Verfolgt unsere Reise hier. Wir werden versuchen regelmässige Posts und aktuelle Bilder hier zu veröffentlichen.

Stay tuned...

Dienstag, 27. September 2011

Welcome to the south island

Wieder eine Woche um und kein Zwischenbericht. Naja, wir haben ja auch Ferien ;-)

Ich fange am besten nahtlos an den letzten Post an, damit ihr nicht den Faden verliert!

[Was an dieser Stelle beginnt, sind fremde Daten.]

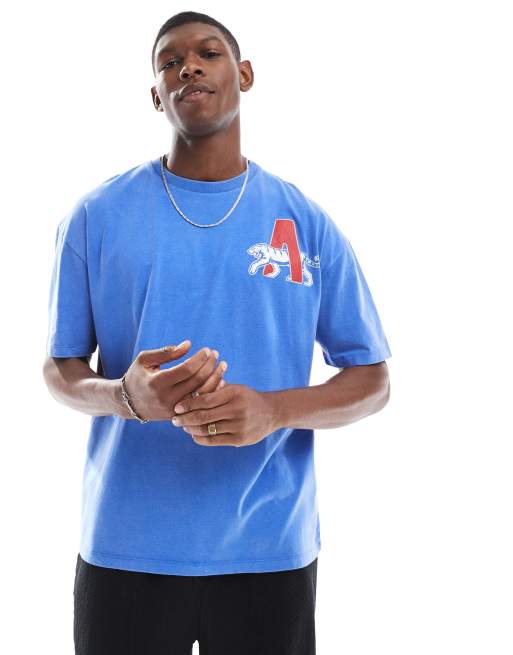 Camiseta azul lavado extragrande con estampado gráfico deportivo de ASOS DESIGN, 4 de 4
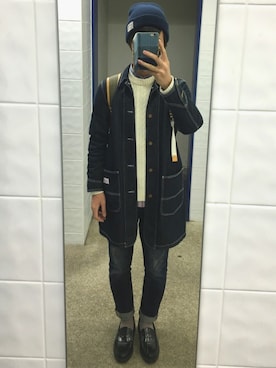 「JEANS MATE（ジーンズメイト）のアイテム（ニットキャップ/ビーニー）」を使った、mackeyさん（メンズ・174cm）の秋コーディネート
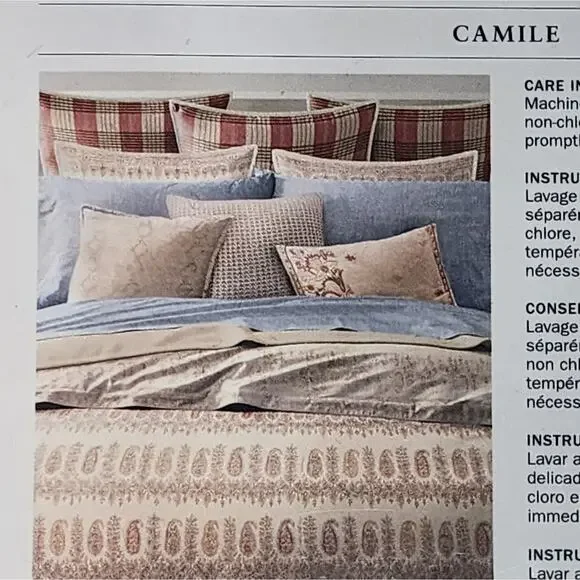 Ralph Lauren Red Plaid Camile Euro Pillow Sham NWT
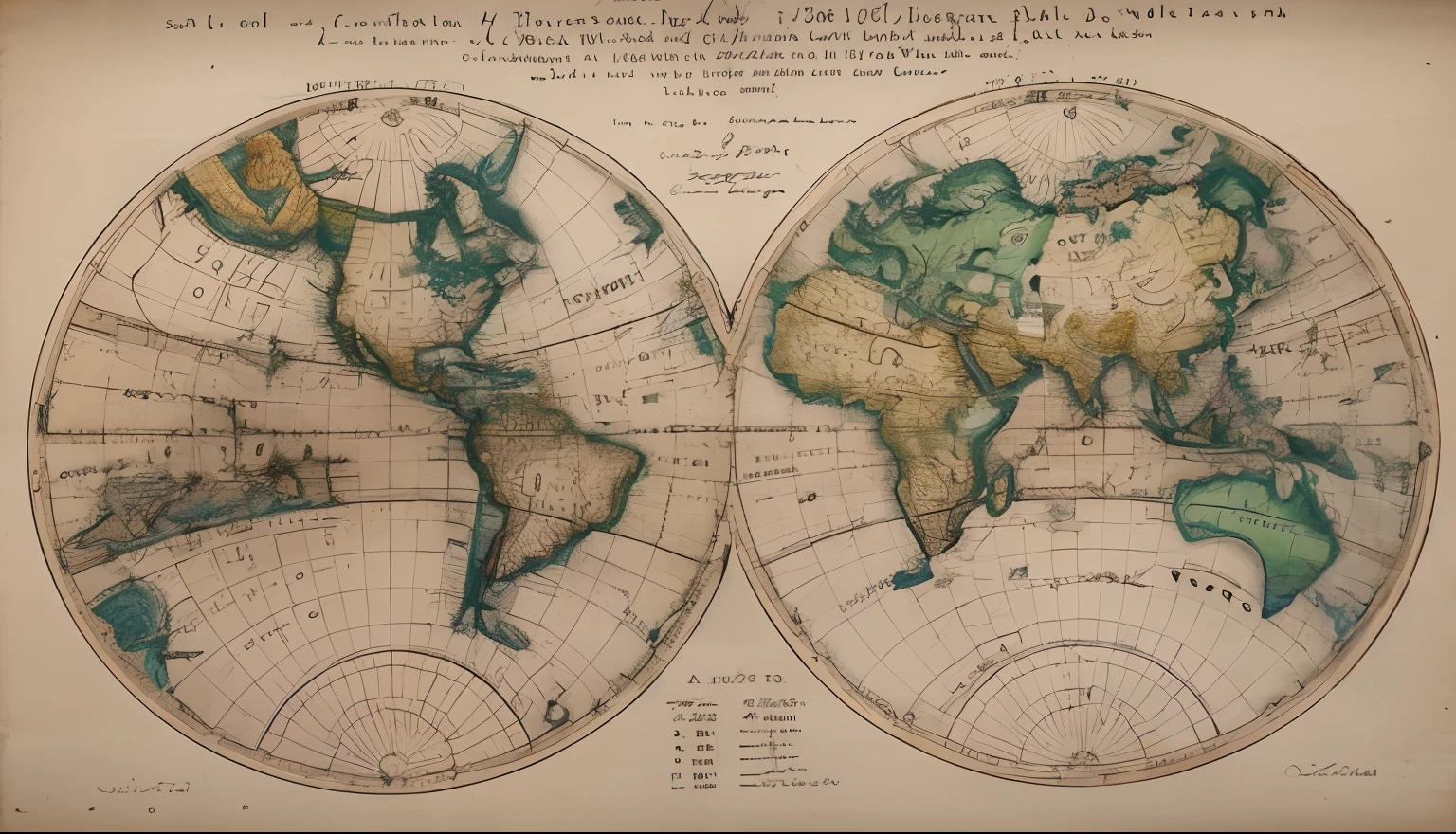 a colorful close up of a map of the world with a circle of the world, 1 7 0 0 s atlas, north hemisphere, 1 6 9 5, 1759, engraving from 1700s, 1683, several continents, 1792, 1 7 8 0, 1789, 1 7 9 5, atlas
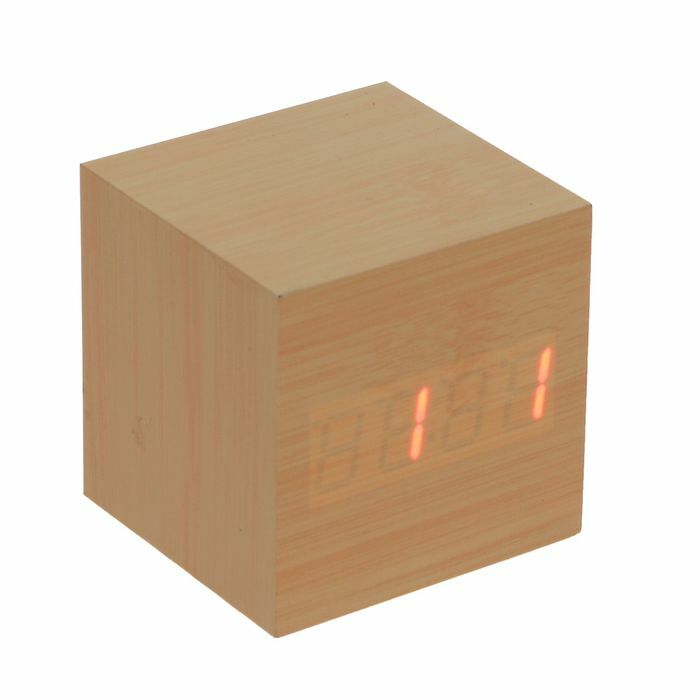 Desktop alarm clock electronic, cube, light wood color, red numbers, from USB, 6.5 x 6.5 x 6.5 cm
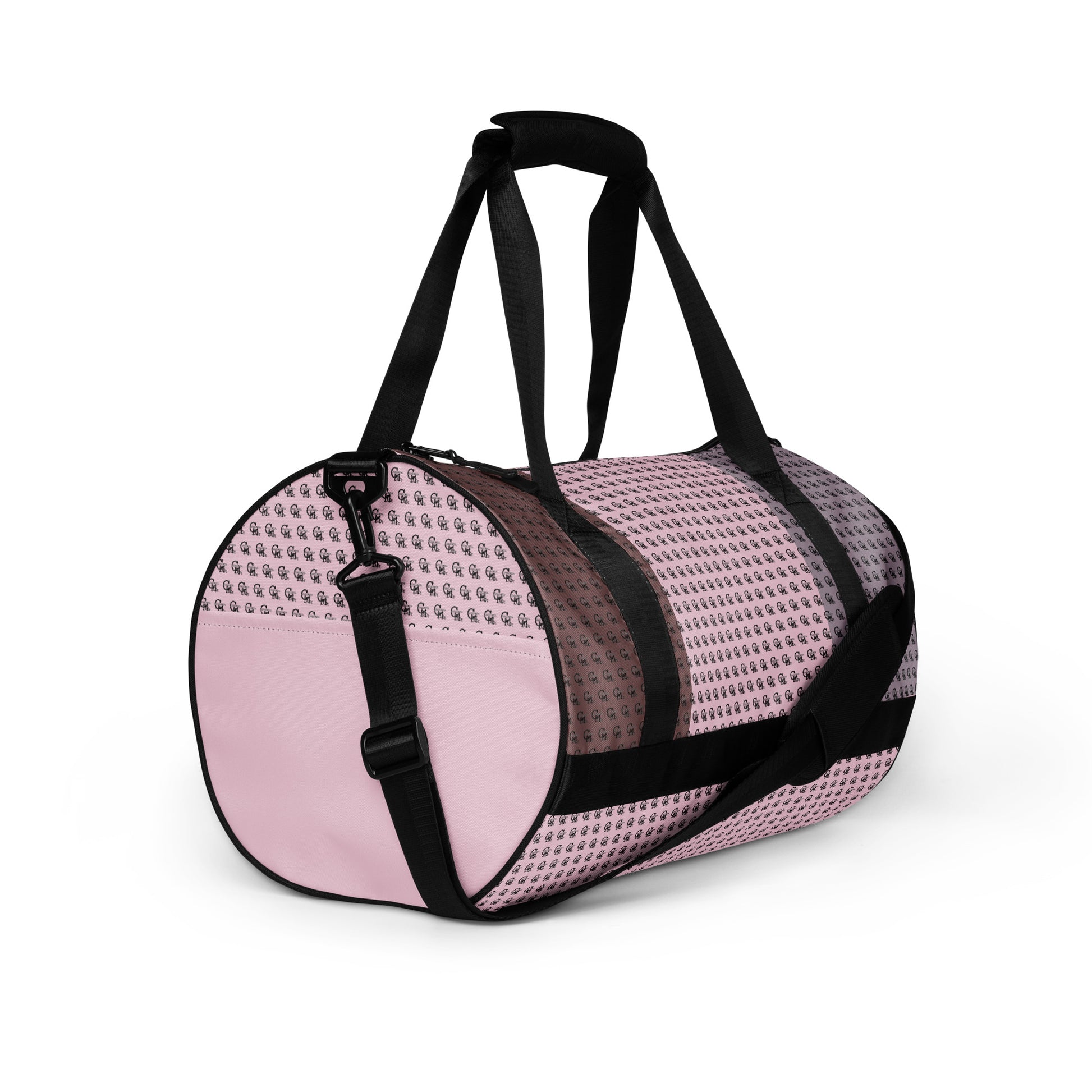 Gym Bag – Pretty in Pink featuring a stylish all-over pattern in shades of pink with black adjustable shoulder and hand straps, designed for convenient and fashionable use.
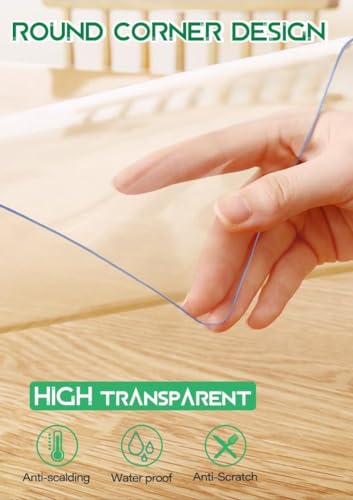 60x60 Inch Clear Plastic Table Cover Protector PVC Tablecloth Waterproof A558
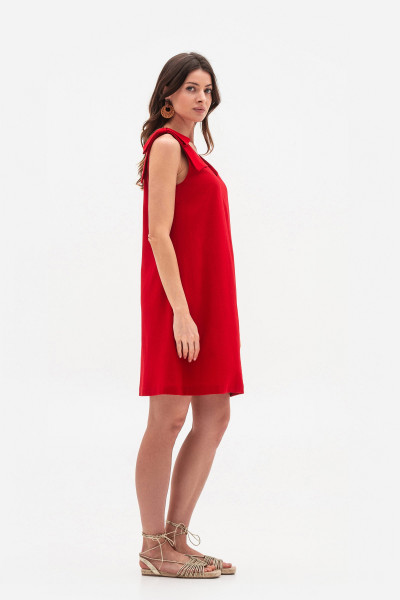 Червоний лляний міні сарафан Пулін 13 Червоний лляний міні сарафан Пулін 13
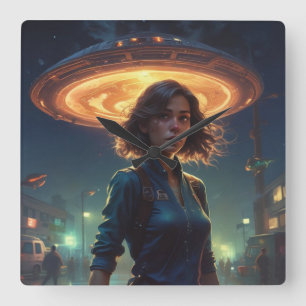 Horloge Carrée Rencontre de l'OVNI Alien par une fille en ville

Nachdem wir uns von der Höhlentour mit einem frischen Pint und einem spannenden Spiel im Pub erholt haben, sind wir am letzten Mittwoch mit einigen Umwegen nach New Plymouth gefahren. Auf dem Weg dorthin machten wir in Mokau einen halt um uns den schwarzen Sand am Black Beach anzuschauen. Weiter auf unserem Weg hielten wir ein paar Km südlich um die Three Sisters vor die Linse zu bekommen. Da wir uns leider nicht über Ebbe und Flut informiert haben, kamen wir dann leider zu spät. Auch die White Cliffs konnten wir dank dem Wasser nicht von nahem betrachten. Zur Entschädigung für die missglückten Sehenswürdigkeiten konnten wir am Abend unseren Van an den, bis zu diesem Zeitpunkt, Platz mit der besten Aussicht in New Plymouth abstellen. Hinten das Meer und vorne der Mount Taranaki, was will man mehr. Mit einem Spaziergang an der Promenade von New Plymouth schlossen wir dann diesen Abend ab.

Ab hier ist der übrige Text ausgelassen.